Mayor Robert Macdonald, a member of one of the senior groups that uses the center, said he and city staff visited the facility last week and met with some of the seniors.
“We explained some of what would need to be done and we explained some of the plans and it sounded like they might accept it,” Macdonald said. “It’s a council decision, so it isn’t up to me. But the ones I talked to sounded happy about it.”
The meeting, a workshop discussion, is scheduled to begin at 6 p.m. in Lewiston City Hall.
School officials in September said that expected growth in the number of elementary school students citywide calls for some expansion. They’ve recommended taking over the entire Birch Street Multi-Purpose Center building as a new, bigger Longley School.

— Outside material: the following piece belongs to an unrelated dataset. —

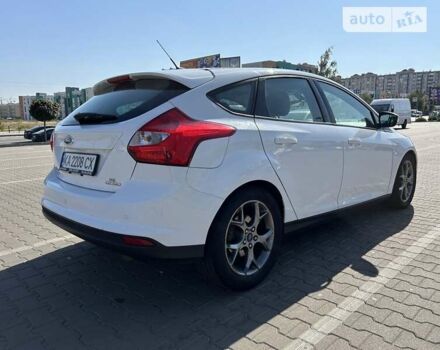 Белый Форд Фокус, объемом двигателя 2 л и пробегом 161 тыс. км за 8900 $, фото 4 на Automoto.ua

The Longley School and the Multi-Purpose Center currently share the building. Multi-Purpose Center programs include adult education classes and meeting space for the city’s senior citizen groups.
The previous City Council considered purchasing the Knights of Columbus building at 150 East Ave. and making it the new center for seniors programs.
That could require the city to buy the building from the Knights of Columbus. Combined with renovation work on the building, it could push the cost to $600,000.